Senin, 30 September 2019 09:51 UTC
Anggota Satlantas Polres Banyuwangi membimbing anak-anak beraktivitas di sekitar Kendaraan Perpustakaan Keliling dalam acara bakti sosial HUT Lalulintas 2019. Foto: Ahmad Suudi.
JATIMNET.COM, Banyuwangi – Founder Rumah Literasi Indonesia (RLI) Tunggul Harwanto menjelaskan telah ada lima rumah baca di Banyuwangi yang muncul kemudian tutup. Atas dasar itulah RLI mendorong aktivis rumah baca untuk segera menyusun perencanaan yang lebih matang.
Perencanaan tersebut untuk menghindarkan rumah baca atau perpustakaan masyarakat tutup. Perencanaan itu sekaligus meningkatkan minat baca di Indonesia. Sebab dalam laporan Unesco pada 2012, hanya 250 ribu atau 0,001 persen yang memiliki minat baca dari 250 juta penduduk Indonesia.
“Kalau tidak, banyak rumah baca yang tidak tahu tujuan kegiatannya, minimal lima tahun ke depan,” kata Tunggul setelah mengisi acara Safari Gerakan Gemar Membaca di Banyuwangi, Senin 30 September 2019.
BACA JUGA: Genjot Literasi, Pemkot Surabaya Tambah 66 Taman Bacaan Masyarakat
Selain menghindari kelayuan, perencanaan bisa menjaga semangat anak-anak dan mengukur dampak kegiatan-kegiatan yang dilaksanakan. Pasalnya tidak hanya membaca buku, taman baca harus bisa menyediakan kegiatan-kegiatan lain dengan tujuan pembangunan sumber daya manusia (SDM).
Penyusunan perencanaan, lanjut Tunggul, bisa dilakukan dengan pertemuan tiga bulan sekali dengan para relawan. Di sana digali masalah yang dilihat oleh banyak mata itu, hingga penyelesaiannya dimasukkan dalam target kegiatan rumah baca.
“Dari sana kita bisa buat perencanaan apa yang dibutuhkan. Supaya rumah baca tidak hanya urusi buku, tetapi juga kemajuan teknologi, permasalahan sosial, dan agar kemampuan anak-anak tumbuh diasah di rumah baca," Tunggul menjelaskan.

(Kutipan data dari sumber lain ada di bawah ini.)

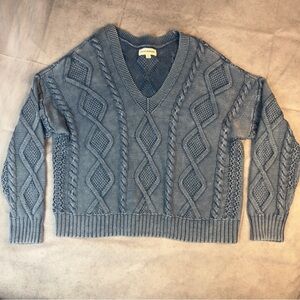 Lucky Brand Blue Cable Knit V-Neck Sweater 100% Cotton Size S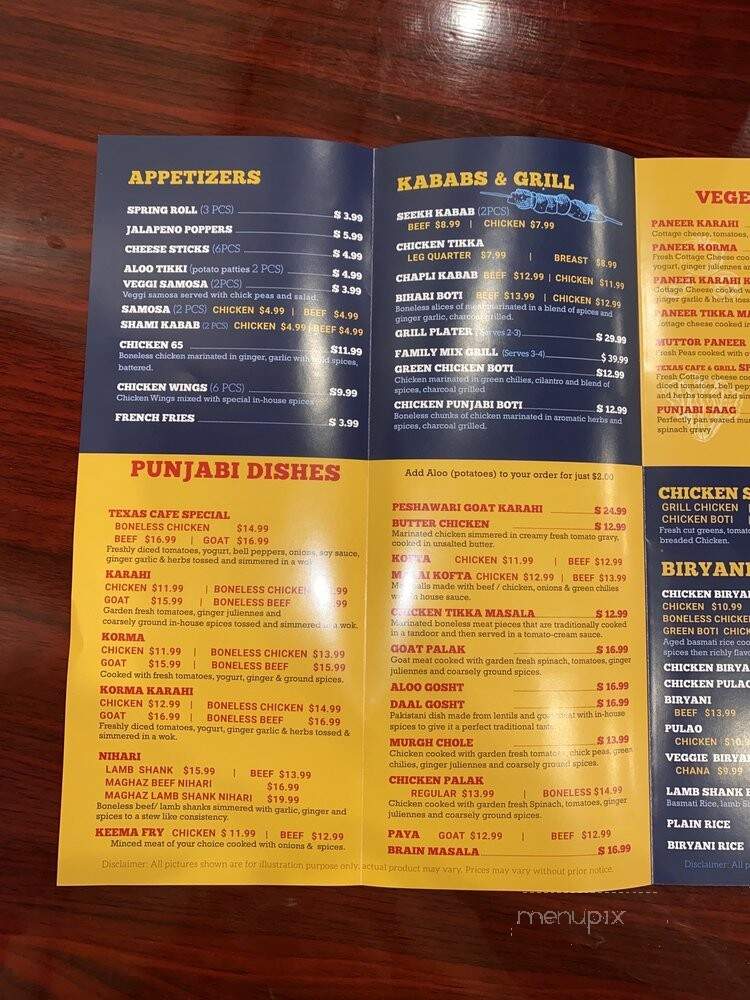 Texas King Indo-Pak Cafe and Grill - Plano, TX menu_pic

BACA JUGA: Perbanyak Literasi, Sejumlah Perguruan Tinggi Malang Gelar Lapak Baca
Sementara itu, Kepala Bidang Pengembangan Perpustakaan Umum dan Khusus Perpusnas, Nurhadi Saputra mengatakan Indonesia memiliki jumlah perpustakaan terbanyak dari negara-negara lain. Namun kualitas perpustakaan masih memprihatinkan, terutama di Indonesia bagian timur.
Dikatakannya menjadi program pemerintah tahun ini mendampingi 300 perpustakaan desa di berbagai daerah menjadi perpustakaan inklusif. Dia mencontohkan di Kabupaten Gunung Kidul ada perpustakaan inklusi yang mendampingi masyarakat sekitar membangun usaha makanan olahan.
“Kami berharap stimulan-stimulan yang kami berikan ke provinsi ataupun kabupaten, tumbuh inisiatif dari mereka untuk mengembangkan minat baca,” kata Nurhadi.